Go: log.Fatalf is Bad for Framework Maintainers¶

In the open source framework, as long as maintainers can ensure the issues are caused by users instead of the framework, usually they could provide some suggestive guides and prevent themselves from delving into users code.

However, as a company scope framework maintainer, things differ greatly. As you claimed your framework helps them to write better code based on the company platforms, they're likely to rely on the maintainers to figure out some weird issues once it's related with the framework.

This blog records how I help to trouble shoot the weird issue of keeping restarting and failed to deploying caused by the log.Fatalf for our framework users, and my opinion why the log.Fatalf is bad.

Why log.Fatalf Is Bad for Framework Maintainers?¶

I put my idea first, and then show the troublesome caused by log.Fatalf along with the unexpected writing log failure to guard my idea.

From a framework maintainer perspective, the framework aims to manage users' business logic. That's why our framework uses toolchain to generate and control the main function.

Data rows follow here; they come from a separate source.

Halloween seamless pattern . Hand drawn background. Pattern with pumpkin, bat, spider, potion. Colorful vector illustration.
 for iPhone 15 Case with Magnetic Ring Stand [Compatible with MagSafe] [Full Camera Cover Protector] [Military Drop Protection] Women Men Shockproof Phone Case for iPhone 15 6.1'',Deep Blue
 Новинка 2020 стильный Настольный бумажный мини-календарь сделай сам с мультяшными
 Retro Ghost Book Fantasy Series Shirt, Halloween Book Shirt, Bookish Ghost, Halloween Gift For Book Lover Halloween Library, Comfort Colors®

In the other word, users should provide the computation and the framework should schedule and call their computation and handles the error correctly with proper logs. If computation encounter an error and cannot proceed, it just needs to return error and let the framework resolve the error.

For example, the computation might be allowed to fail and not necessary cause to exit the whole process. By moving this configuration from user's computation to the framework, they get the support easily. However, the log.Fatalf breaks this flexibility because it calls the os.Exit system call directly and the framework doesn't have any mechanism to restore it like the panic.

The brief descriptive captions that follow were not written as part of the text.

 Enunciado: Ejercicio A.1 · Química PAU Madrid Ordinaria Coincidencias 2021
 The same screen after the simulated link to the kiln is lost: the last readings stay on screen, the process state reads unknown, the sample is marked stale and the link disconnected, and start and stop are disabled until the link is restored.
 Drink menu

For framework, it means computations could skip the framework and exit the whole process directly, and leave the framework maintainers great trouble for error checking. Because the framework control the main function, we won't want the users computation has the ability shutdown the whole process directly. The case deteriorates when the log fails to write into a writer, as the real case below I mentioned.

In short, the framework author should think the log.Fatalf(and any function calls os.Exit) is bad and suggest users don't use it.

The Appearance of Deployment Failure¶

One of our framework users reported his service keeps restarting and finally failed to deploy due to the timeout. As a result, I was involved to help check. After applying the permission of live service, I found nothing useful log:( The error logs from our framework disappeared and what I knew is the exit code 1.

What's worse, it's a live exclusive issue. The test environment doesn't have it at all. Even the liverish environment couldn't reproduce this error. Usually, due to the isolation of live and test, configuration might cause this issue. However, that's too business specific logic and unluckily I knew nothing about it of course.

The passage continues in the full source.